De este modo, la urgencia de preservar la soberanía de cada país y la independencia nacional, hicieron de América Latina la región pionera en impulsar el principio de no intervención como política internacional, precisamente con el avance del siglo XX, en el cual la fase del imperialismo capitalista crecientemente afirmó un nuevo tipo de disputas económicas entre las grandes potencias, que derivó en dos guerras mundiales (1914-1918 y 1939-1945) y en constantes intervenciones sobre los países del “Tercer Mundo”.

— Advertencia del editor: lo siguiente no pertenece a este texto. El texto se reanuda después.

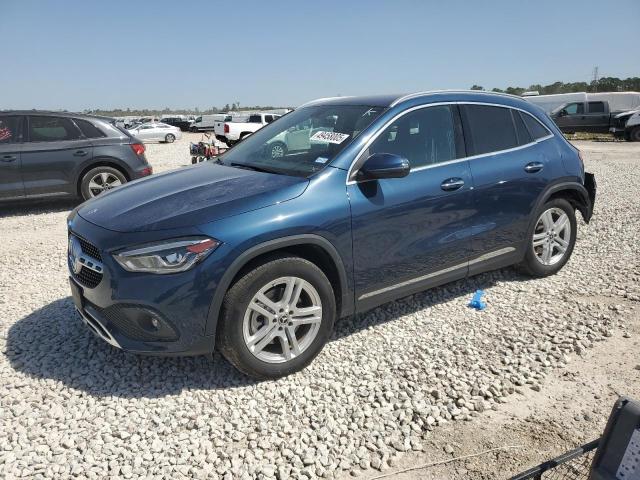  Salvage Mercedes-Benz GLA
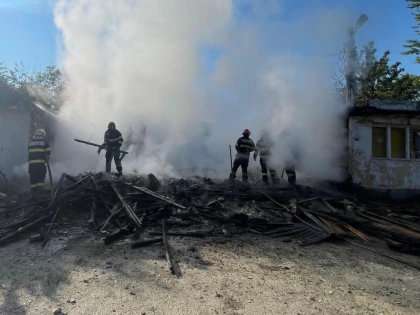 Incendiu la o clădire abandonată de pe Iuliu Maniu. Două persoane au reușit să se autoevacueze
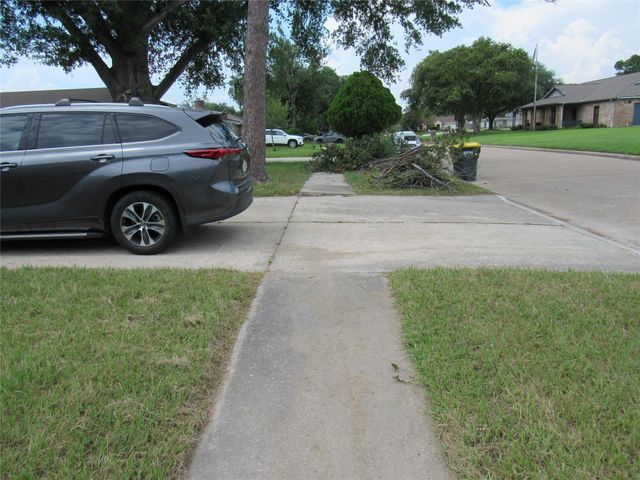 7623 Silver Cloud Lane, Houston, TX 77086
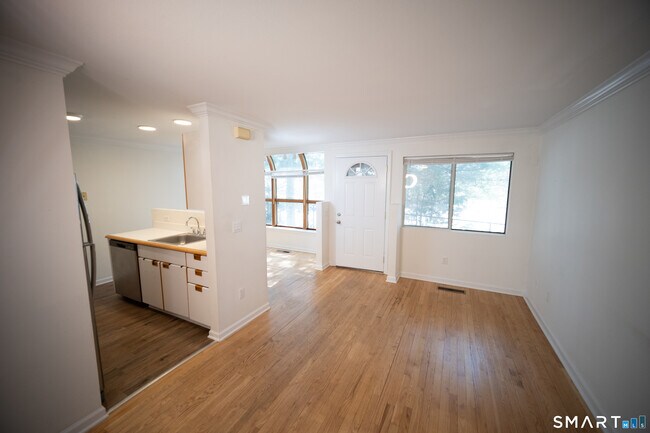 Foto del edificio - 3236 Madison Ave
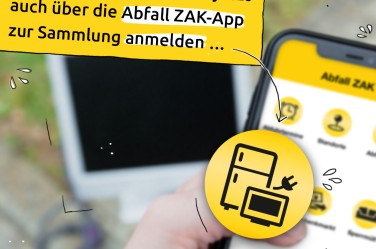 Hand mit einem Handy. Anzeige: Abfall ZAK-App mit neuer Funktion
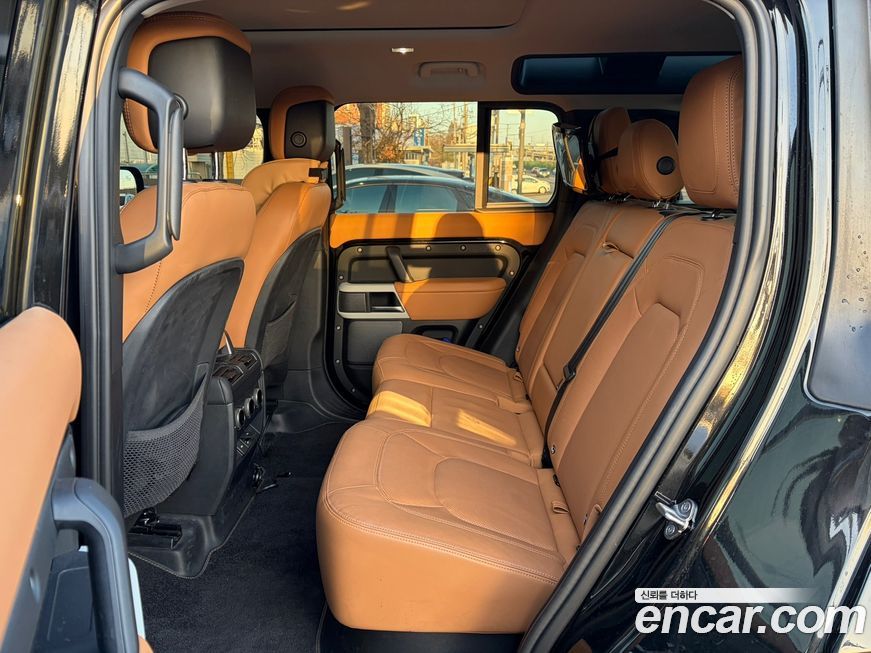 Land Rover Defender 2023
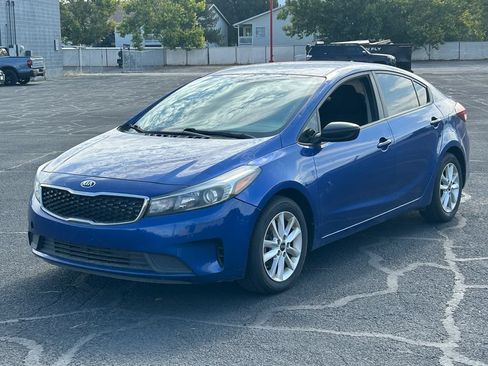 Used 2017 Kia Forte S FWD image 8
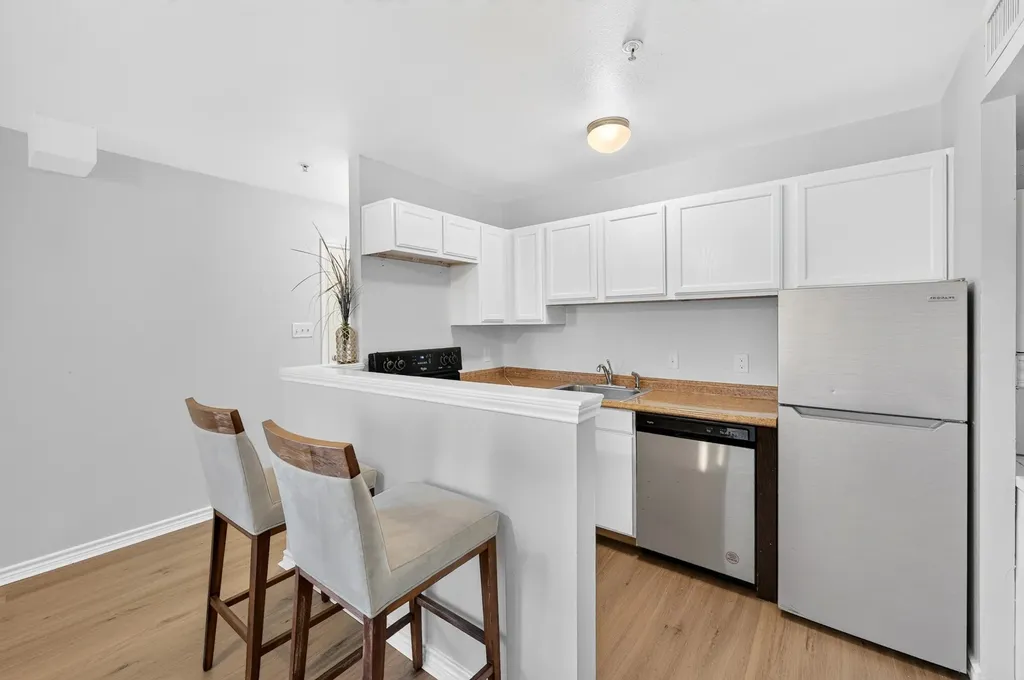 9829 Walnut Street Dallas TX 75243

Las propuestas contra el intervencionismo de las grandes potencias ya se encuentran en el chileno Andrés Bello, los argentinos Carlos Calvo y, sobre todo, Luis María Drago, quien en 1902 se lanzó contra la incursión armada de Alemania, Gran Bretaña e Italia sobre Venezuela, para cobrar sus deudas (“Doctrina Drago”). También el mexicano Isidro Fabela escribió sobre el intervencionismo, mientras su compatriota, el presidente Venustiano Carranza (1917-1920), al calor de la cultura radical y nacionalista que incubó la Revolución Mexicana y de la Constitución de 1917 -una Carta de enorme importancia mundial, que inauguró el derecho social en América Latina- proclamó la no intervención como política del Estado y como fundamento para respetar la soberanía de los pueblos y sus formas autónomas de gobierno (“Doctrina Carranza”).
Pese a esos iniciales y visionarios conceptos sobre la no intervención, fue la VII Conferencia Internacional Americana, reunida en Uruguay en 1933, la que adoptó la “Convención sobre Derechos y Deberes de los Estados” (https://bit.ly/3qPnEkf), estableciendo: Art. 8- Ningún Estado tiene derecho de intervenir en los asuntos internos ni en los externos de otro. Además, en la Conferencia Interamericana de Consolidación de la Paz, realizada en Buenos Aires en 1936 (a la que asistió Franklin D. Roosevelt, presidente de los EEUU) igualmente se acordó: Art. 1º.—Las Altas Partes Contratantes declaran inadmisible la intervención de cualquiera de ellas, directa o indirectamente, y sea cual fuere el motivo, en los asuntos interiores o exteriores de cualquiera otra de las Partes. // La violación de las estipulaciones de este artículo dará lugar a una consulta mutua, a fin de cambiar ideas y buscar procedimientos de avenimiento pacífico (https://bit.ly/3nbxJWG).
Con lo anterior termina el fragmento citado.